Speaker John Boehner has been a pivotal player in a seemingly no-win game.
With a deal to avert a government shutdown subject to a series of volleys between the House and the Senate as the midnight Monday deadline neared, the Ohio Republican's reputation and his place in history were called into question.
"Act like the speaker of the House and not a speaker of the Republicans," urged Sen. Barbara Boxer, D-Calif., during a news conference Monday, a characterization of Boehner's approach she suggested was not the way former Democratic Speaker Tip O'Neill would have handled things.
In the House, some GOP centrists like Reps. Charlie Dent, R-Pa., and Richard Hanna, R-N.Y., were publicly suggesting it was time for Boehner to do what he believes. That would have been, according to Dent, for Boehner to set aside demands of hard-liners in his conference in favor of a stopgap spending bill without the anti-Obamacare provisions that President Obama and the Senate were sure to reject.
But a move like that is risky in today's political environment.
"He'd win the approval of history and pundits if he had chosen to break with the hard-liners, but that would come at the cost of his position, for the hard-liners would not vote for him again," suggested Brooks Simpson, a historian at Arizona State University.
"I suspect he likes being speaker in name too much to act as speaker in fact.... He's no Henry Clay or Sam Rayburn," Simpson said.
Political-science professor Paul Brace of Rice University says Boehner will be remembered as a speaker forced to confront hard choices, no matter what their outcome in coming days.
"Formally powerful but practically neutered, an object of scorn among GOP hard-liners and the traditional "˜whipping boy' of his partisan opposition, there are few ways forward that are rosy for the speaker," Brace said. "He will likely be viewed as culpable for a shutdown, but a symbol of appeasement if no shutdown."
"While immediate consequences will likely emanate from his choices, time will tell how history unpacks his legacy as he weighs his rock-and-hard-place options," he added.
Many House Republicans, particularly conservatives, remain suspicious of Boehner as someone too eager to cut deals with Obama and Democrats.
It's a sentiment that's led him to walk a tightrope, and caused some tense days before his reelection as speaker by a bare majority in January.
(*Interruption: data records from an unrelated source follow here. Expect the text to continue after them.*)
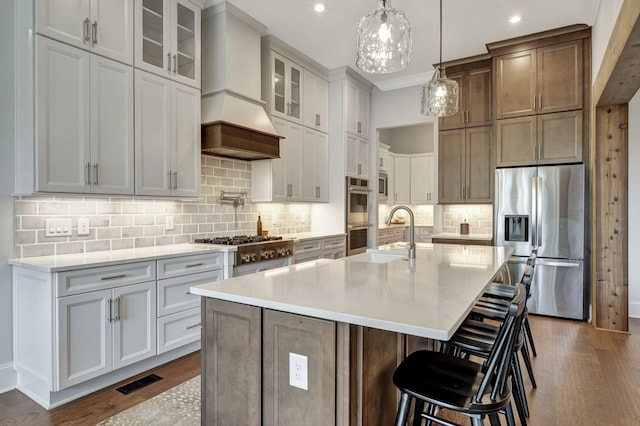 kitchen featuring sink, an island with sink, decorative light fixtures, custom range hood, and appliances with stainless steel finishes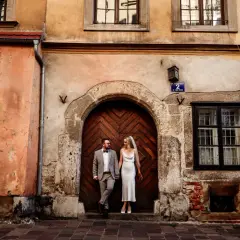 Para sesja w plenerze pomysły: para młoda stoi przed zabytkowymi drzwiami w kamienicy.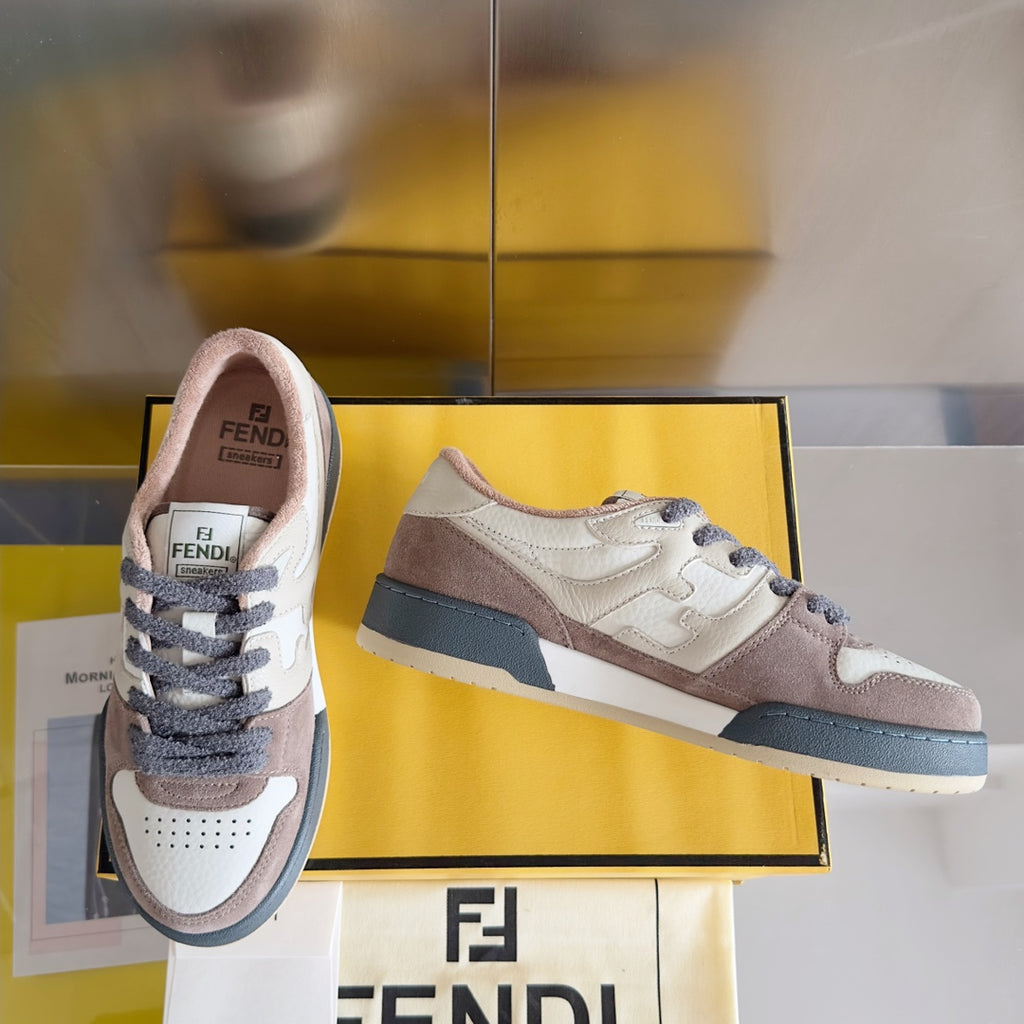 Fendi sneakers on display, cream and brown uppers with dark blue side strap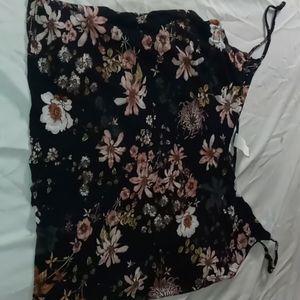 A spaghetti crop top sleeping shirt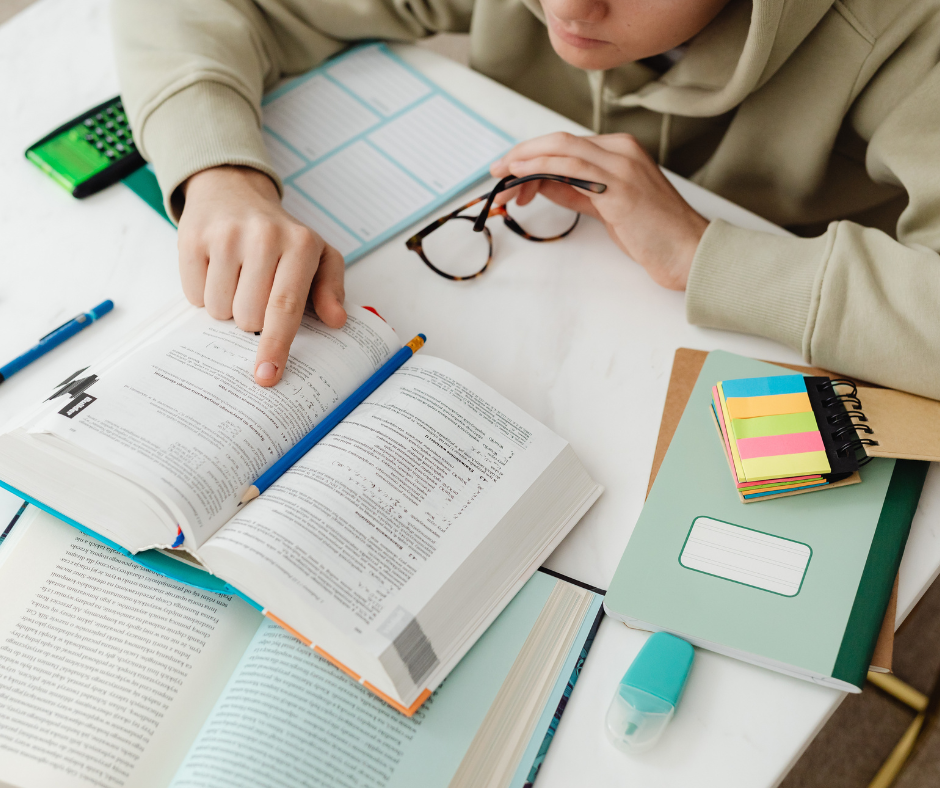 Student studying at a desk with books.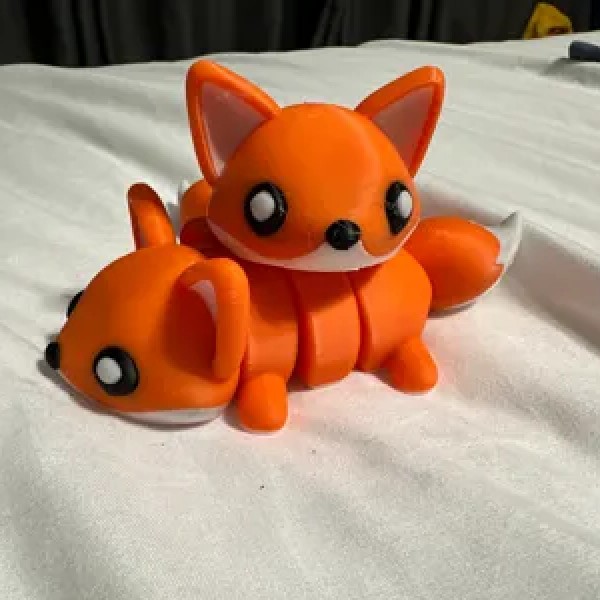 Turuncu, sevimli yüz ifadeli ve eklemli gövdeli tilki figürü.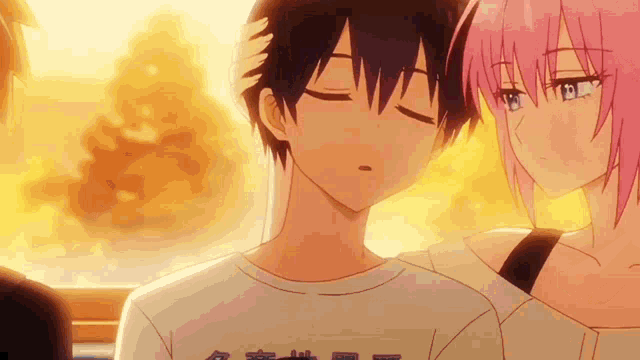 a boy and a girl are standing next to each other and the girl is touching the boy 's head .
Just two years earlier, Boehner won all GOP votes in his first election.
On the other hand, any would-be successors from the House's conservative wing would themselves have to worry about keeping moderates in the conference happy, at the risk of losing support.
But one House conservative says he's come to sympathize with Boehner for being such a target of hard-liners. Rep. Trent Franks, R-Ariz., said its really unfair not to give the speaker some credit for having to do battle not only with Democrats in the Senate and a Democratic president, but the media, as well.
"The reality is the engineering here does not all add up to our favor," said Franks, who added that he thinks Boehner has been able "to make lemonade out of this much more than some give him credit for."
Boehner is also a favorite punching bag for Senate Democrats. Sen. Chuck Schumer, D-N.Y., regularly says he feels sorry for the speaker. Anyone who knows Boehner, Schumer says, knows he's not as extreme as the tea-party wing of his caucus.
"Now, the funny thing is, Speaker Boehner knows he won't succeed but the hard Right is demanding a pound of flesh to show how serious they are, how much they hate Obamacare," Schumer said. "By going along with the hard Right, Speaker Boehner is like the ancient Mayans, making a sacrificial offering to the right-wing gods by refusing to accept a clean CR."
Senate Majority Leader Harry Reid, D-Nev., who has recently taken to calling House Republicans "anarchists," used school-yard imagery to describe the conservative wing of the House GOP.
"With a bully, you cannot let them slap you around, because they slap you around today, if they slap you five or six times, tomorrow it's seven or eight times," Reid said.
As for the Senate, Reid said, "we are not going to be bullied. We have done everything we can, and we've done it very reasonably."